Statistical Distributions

January 3, 2024

New

Statistical distributions are fundamental in understanding and representing how data values are spread or varied. Each distribution has its own unique properties and applications. The type of statistical distribution used often depends on the type of variable (continuous and discrete)

Discrete Variables

Bernoulli Distribution

The Bernoulli distribution is a simple discrete probability distribution that has only two possible outcomes, commonly labeled as “success” and “failure.” The number of trials is just one (a special case of the binomial distribution).

Key aspects The probability mass function (PMF) of a Bernoulli distribution is given by:

$\begin{cases} p & \text{if } k=1, \\ 1-p & \text{if } k=0 \end{cases}$

where

p

is the probability of success (k=1), and ( 1-

p

) is the probability of failure (

k

=0).

Examples:

Flipping a coin (where heads could be defined as success and tails as failure).
A quality control check where an item is either defective (failure) or non-defective (success).

Python Example: To simulate a Bernoulli trial using we could use numpy.random.binomial with n=1.

# Parameters for Bernoulli distribution
p = 0.5  # Probability of success
size = 1000  # Number of samples

# Generating Bernoulli samples
bernoulli_samples = np.random.binomial(1, p, size) # it generates either 1 or 0 'size' times.

# Plotting the distribution
plt.figure(figsize=(6, 4))
plt.hist(bernoulli_samples, bins=[-0.5, 0.5, 1.5], rwidth=0.5, color='blue', alpha=0.7)
plt.xticks([0, 1])
plt.title('Bernoulli Distribution (p = 0.5)')
plt.xlabel('Outcome')
plt.ylabel('Frequency')
plt.show()

Binomial Distribution

The Binomial distribution is a discrete probability distribution that describes the number of successes in a fixed number of independent trials of a binary experiment.
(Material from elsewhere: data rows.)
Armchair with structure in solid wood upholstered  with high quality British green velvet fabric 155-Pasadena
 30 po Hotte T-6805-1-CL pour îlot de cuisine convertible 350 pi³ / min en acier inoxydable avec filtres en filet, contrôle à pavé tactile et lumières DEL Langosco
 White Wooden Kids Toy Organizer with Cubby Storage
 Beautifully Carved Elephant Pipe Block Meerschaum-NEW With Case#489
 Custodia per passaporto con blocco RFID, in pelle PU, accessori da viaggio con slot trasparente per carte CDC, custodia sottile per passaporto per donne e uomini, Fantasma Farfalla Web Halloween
It is an extension of the Bernoulli distribution across multiple trials.

Probability math representation: $P(X = k) = (\frac{n}{k})p^k(1-p)^{n-k}$

where $(\frac{n}{k})$ is the binomial coefficient, $n$ is number of trials, $k$ is the number of successes, and $p$ the probability of success.

Examples:

Flipping a coin a certain number of times and counting the number of heads (or tails).
The number of defective items in a batch when each item has a fixed probability of being defective.

Python Example: The Binomial distribution can be simulated using numpy.random.binomial(n, p, size), where n is the number of trials, p is the probability of success, and size is the number of experiments.

# Parameters for Binomial distribution
n = 10  # Number of trials
p = 0.5  # Probability of success
size = 1000  # Number of samples

# Generating Binomial samples
binomial_samples = np.random.binomial(n, p, size)

# Plotting the distribution
plt.figure(figsize=(8, 5))
plt.hist(binomial_samples, bins=range(n+2), rwidth=0.8, color='green', alpha=0.7)
plt.title('Binomial Distribution (n=10, p=0.5)')
plt.xlabel('Number of Successes')
plt.ylabel('Frequency')
plt.xticks(range(n+1))
plt.show()

Poisson Distribution

The Poisson distribution is a discrete probability distribution that expresses the probability of a given number of events occurring in a fixed interval of time or space, assuming these events occur with a known constant mean rate and independently of the time since the last event.

Probability math representation: The probability mass function (PMF) of the Poisson distribution for observing $k$ events $P(k|\lambda) = \frac{\lambda^k e^{-\lambda}}{k!}$ where $\lambda$ is the average number of events per interval, $e$ is Euler’s number (approximately 2.71828), and $k!$ is the factorial of $k$ .

This distribution is particularly useful for modeling the number of times an event occurs in a fixed interval of time or space, like the number of emails received in an hour or the number of cars passing through a toll booth in a day, assuming these events happen independently and at a constant average rate.

Time of Space interval: The distribution applies to events in a fixed period of time, a specific area, volume, etc.

Examples:

The number of fraud emails received in an hour.
The number of decay events per unit time from a radioactive source.

Python Example: In Python, Poisson distributed data can be simulated using numpy.random.poisson(lam, size), where lam is the rate $\lambda$ , and size is the number of experiments.

lam = 5  # Rate parameter (lambda)
size = 1000  # Number of samples

# Generating Poisson samples
poisson_samples = np.random.poisson(lam, size)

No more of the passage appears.